PROBLEM DESCRIPTION - The lines below, from the one holding "X0000094920278200712271539" through the one holding "Вислоухий мальчик", are to be restated word for word, with all images left out.

PROVIDED INFORMATION -
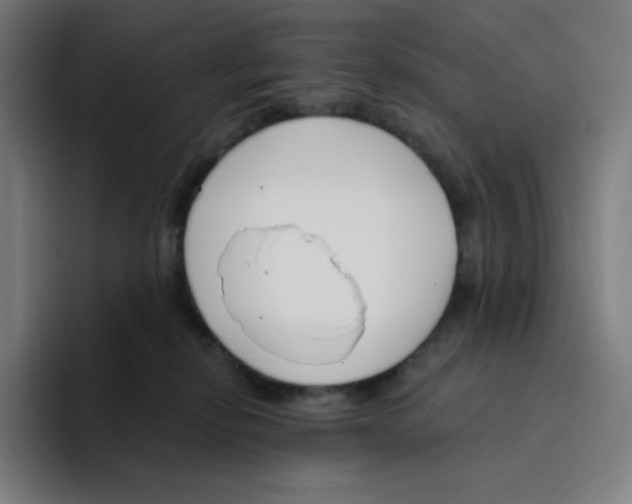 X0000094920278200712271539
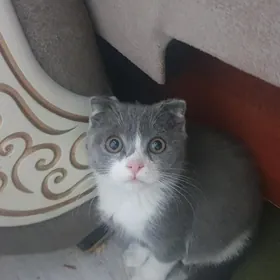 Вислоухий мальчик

---

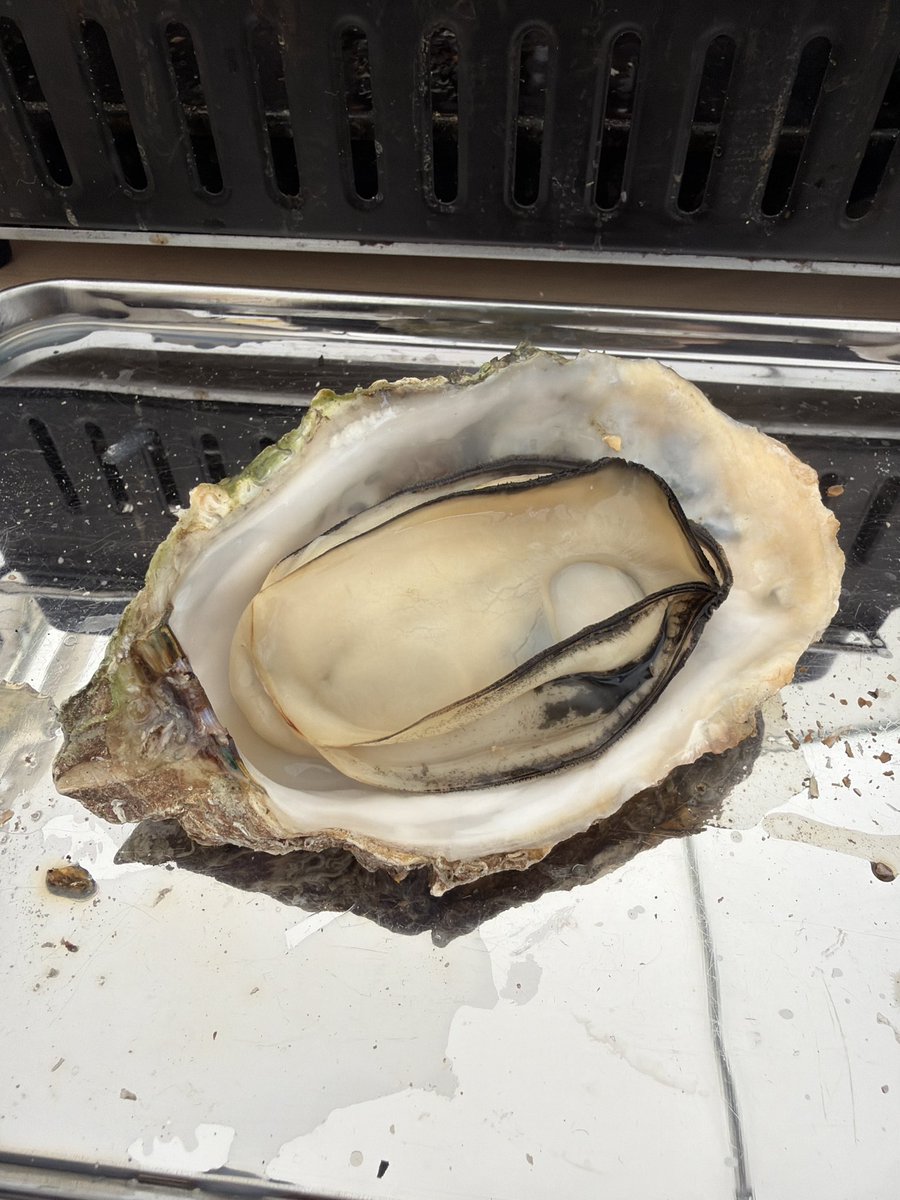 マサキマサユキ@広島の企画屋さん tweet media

==

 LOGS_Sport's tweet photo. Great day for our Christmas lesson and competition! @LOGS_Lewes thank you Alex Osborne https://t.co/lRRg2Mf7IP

RESPONSE FOR THIS EXERCISE -
 X0000094920278200712271539
 Вислоухий мальчик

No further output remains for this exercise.